Gunmetal is darker than mid-grey but lighter than charcoal. It’s cool-toned and industrial. In a bathroom, it creates a focused, modern atmosphere.
Pair it with matte black fixtures and hardware for a monochromatic effect. Or use polished chrome to brighten it. Either works. The key is consistency in metal finishes.
24. Warm Sand

Warm sand is a step beyond greige. It reads more clearly as a warm neutral with yellow or orange undertones. It works in bathrooms that receive good natural light.
- Pairs well with terracotta tile accents
- Works with warm wood vanities
- Suits Mediterranean or organic modern bathroom styles
Warm sand doesn’t compete with anything. It supports everything around it.
25. Deep Plum

Deep plum is the most dramatic option on this list. It’s moody, rich, and unexpected. In a bathroom, especially a powder room, it makes a serious impression.

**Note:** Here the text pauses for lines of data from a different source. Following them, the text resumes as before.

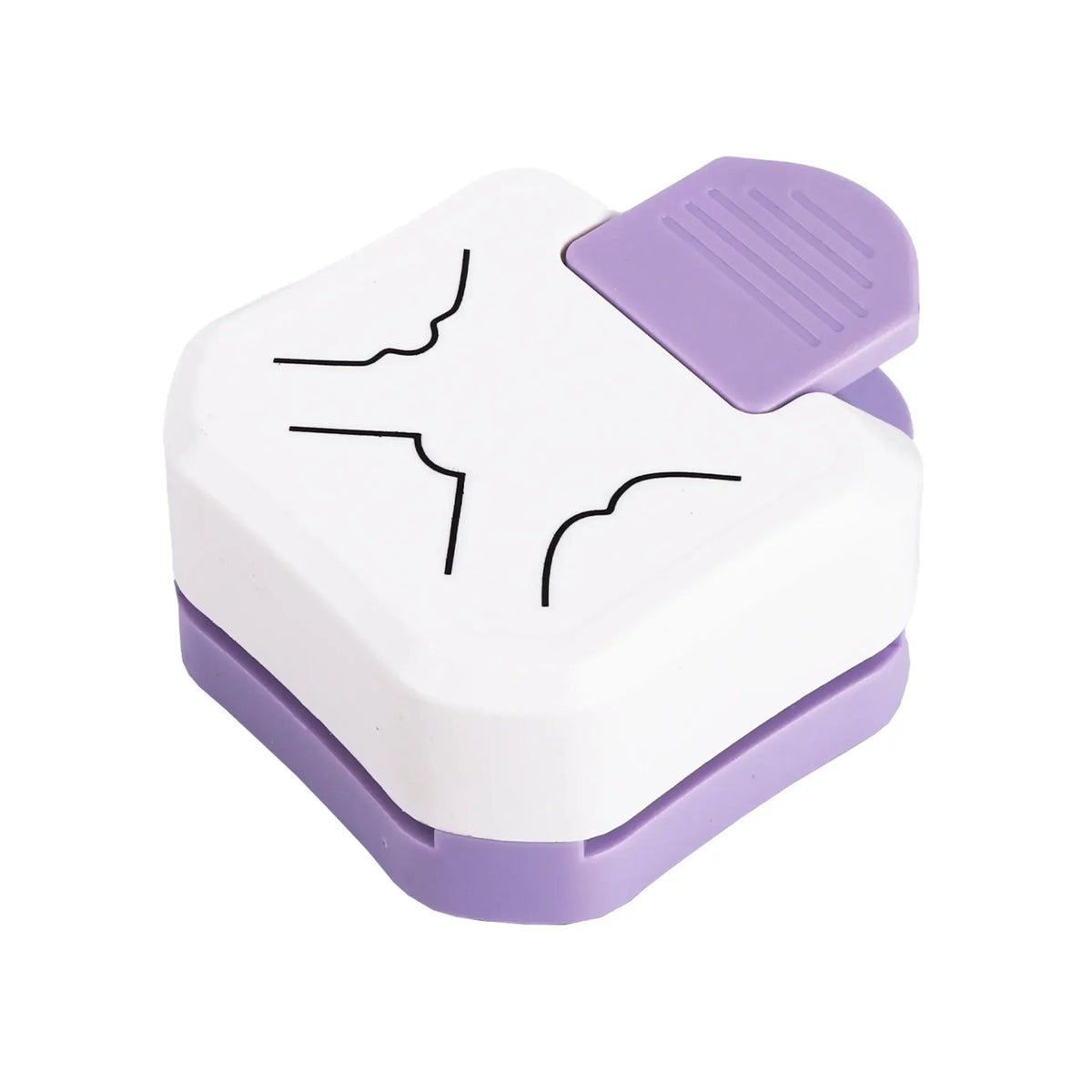 A white and purple triple-function corner embosser and cutter kit with a plastic handle.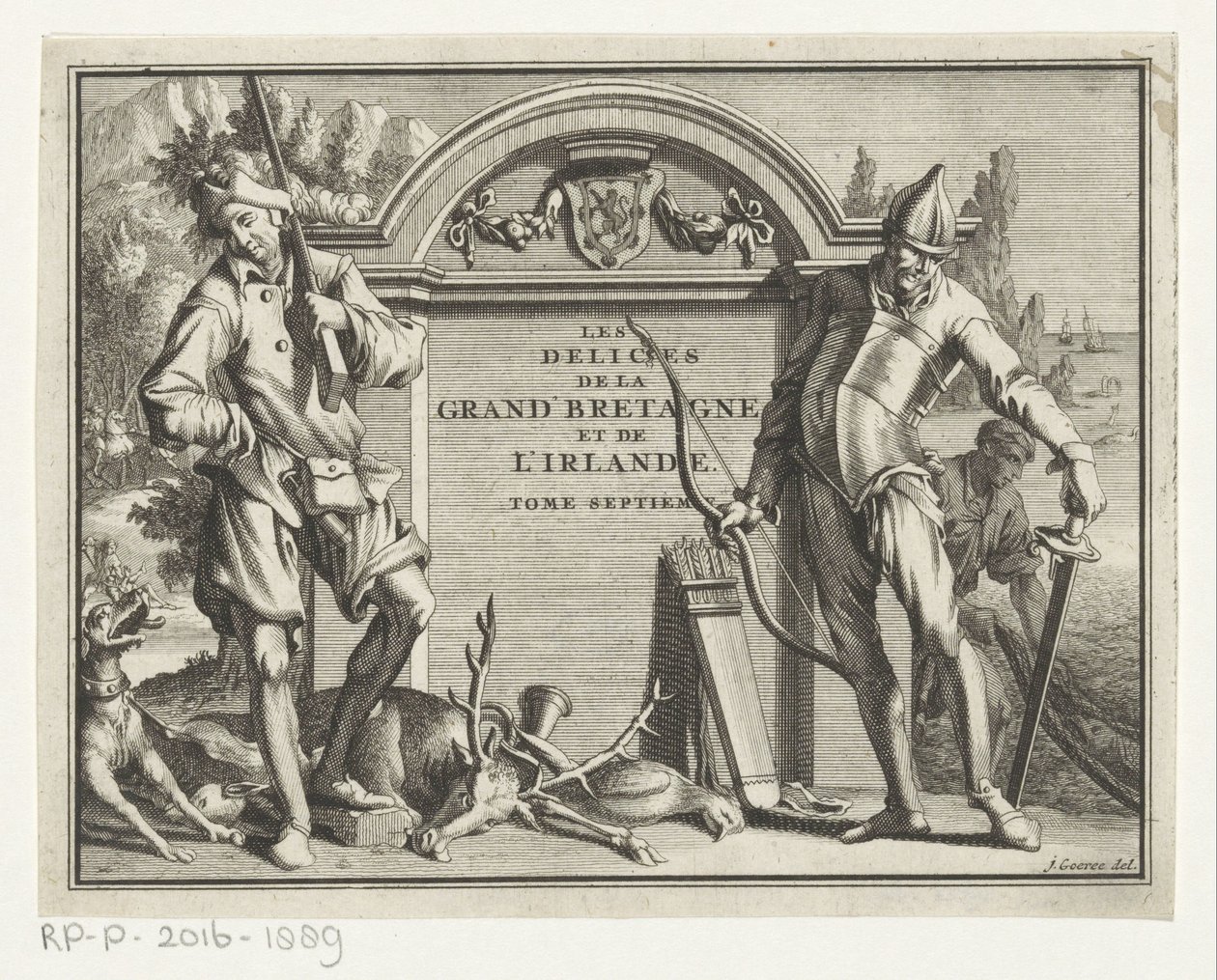 Twee jagers arkkitehtoniseen ympäristöön Otsikko voor: James Beeverell, Ison-Britannian ja Irlannin ilot, Seitsemäs osa, 1707 tekijältä Jan Goeree (possibly)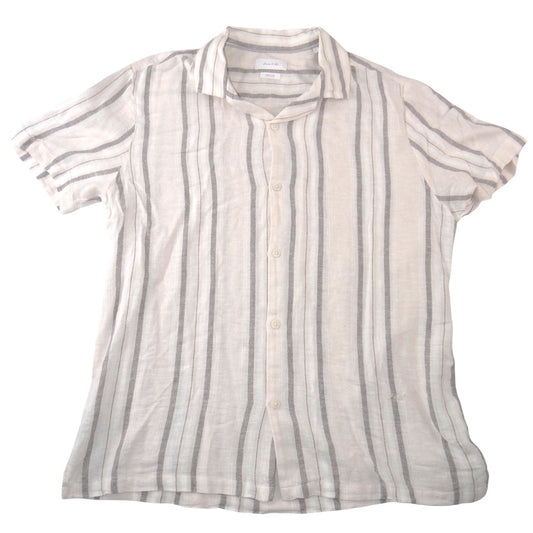 Porter & Ash Mens Large Linen Blend Striped Short Sleeve Button Up Shirt Cream0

Use it on all four walls. Pair with polished gold hardware, white fixtures, and a large mirror. The mirror bounces light and prevents the room from feeling too dark.
This is not a color for the timid. But if you commit, the result is unforgettable.
Final Thoughts
Bathroom paint colors range from safe to bold, warm to cool, classic to unexpected. The 25 options above cover every direction. None of them are wrong in the right context.
The best bathroom paint color is the one that works with your light, your fixtures, and your personal taste. Don’t let a trend override what actually feels right in your specific room.
Pick two or three options that appeal to you. Test them on the wall. Live with them for a few days. Your bathroom is a room you use every single day. Get the color right and you’ll notice the difference every morning.